Não sendo especialista no tema e desesperado para gerar uma dinâmica mais prazerosa, resolvi arriscar, e muito. Ao invés dos habituais trabalhos em que o aluno é convidado a comparar dois ou três autores acerca de uma questão, bolei algo totalmente diferente. Resolvi abrir as comportas da criatividade.
A uma turma de Ciências Sociais pedi que elaborassem um diálogo, em pleno Estado Novo entre o presidente Getúlio Vargas, um trabalhador com carteira de trabalho e sindicalizado, um patrão e um malandro. O tema central deveria ser cidadania e classe trabalhadora.

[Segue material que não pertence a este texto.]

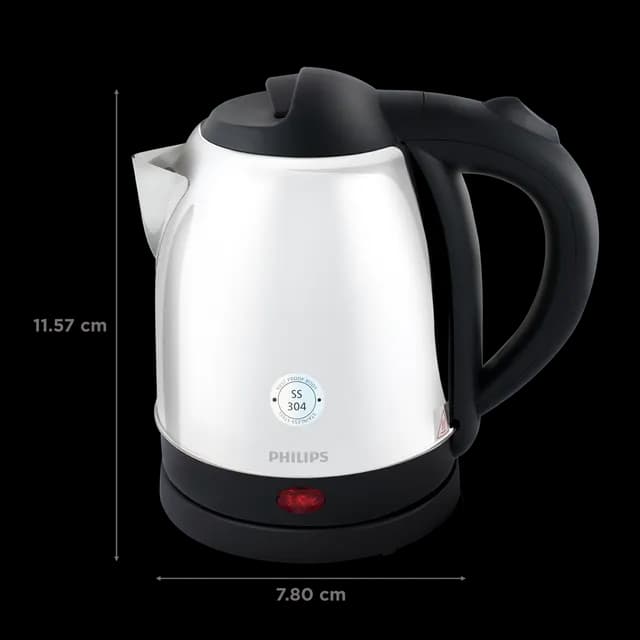PHILIPS 1800W 1.8L ELECTRIC KETTLE HD9383/00 preview 5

Um diário foi o que solicitei a uma turma de Relações Internacionais. A personagem seria nascida em 1950, mas gênero, orientação sexual e contexto familiar poderiam ser escolhidos à vontade. Teria que escrever sobre três momentos: 1964, quando teria 14 anos, 1968, quando teria 18 e 1989, quando teria 39 anos. Sendo assim, o golpe militar, o AI-5 e o processo de redemocratização estariam contemplados. Lembro de um aluno que criou a seguinte situação: um garoto de 14 anos, estudante do Pedro II, marca um encontro numa sorveteria do centro da cidade com uma normalista. O encontro não acontece quando ele a cidade tomada por tanques e aí começa a refletir sobre o que aconteceu. Uma delícia de texto.
Mesmo quando eu era professor de História Antiga eu sempre repetia: “os gregos existiram em carne e osso”. A Academia é uma máquina estranha que transforma tudo em papel. Muitas vezes se perde o contato com a “realidade”. Aquele convite que fiz aos alunos e alunas foi abraçado com muita alegria por eles. Depois, consultando-os de forma anônima a enorme maioria afirmou que teve que estudar mais para fazer aquele tipo de trabalho do que faria no caso do tipo tradicional.
Tudo isso me faz lembrar o grito de guerra das barricadas de maio de 68, quando a juventude francesa disse não em alto e bom som à caretice retrógrada das instituições. Eles gritavam, com prazer: “A imaginação no poder”.